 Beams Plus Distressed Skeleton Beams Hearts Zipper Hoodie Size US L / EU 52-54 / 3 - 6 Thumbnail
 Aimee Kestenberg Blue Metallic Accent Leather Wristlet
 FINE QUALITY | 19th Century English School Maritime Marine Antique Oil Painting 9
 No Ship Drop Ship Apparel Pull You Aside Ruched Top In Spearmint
--
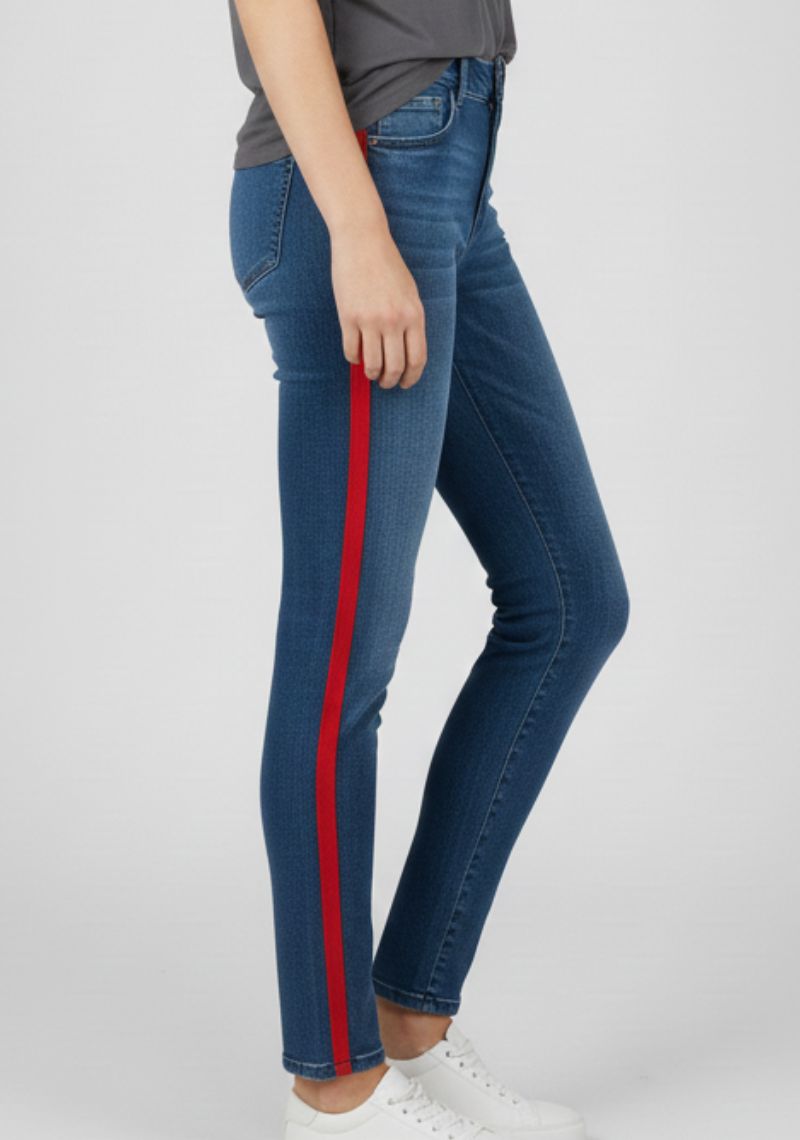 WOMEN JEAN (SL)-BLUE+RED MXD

## EXERCISE DESCRIPTION:
From the entries above, return exactly the line containing "Beams Plus Distressed", the line containing "No Ship Drop", and all lines between, and nothing else.

## EXPECTED ANSWER:
 Beams Plus Distressed Skeleton Beams Hearts Zipper Hoodie Size US L / EU 52-54 / 3 - 6 Thumbnail
 Aimee Kestenberg Blue Metallic Accent Leather Wristlet
 FINE QUALITY | 19th Century English School Maritime Marine Antique Oil Painting 9
 No Ship Drop Ship Apparel Pull You Aside Ruched Top In Spearmint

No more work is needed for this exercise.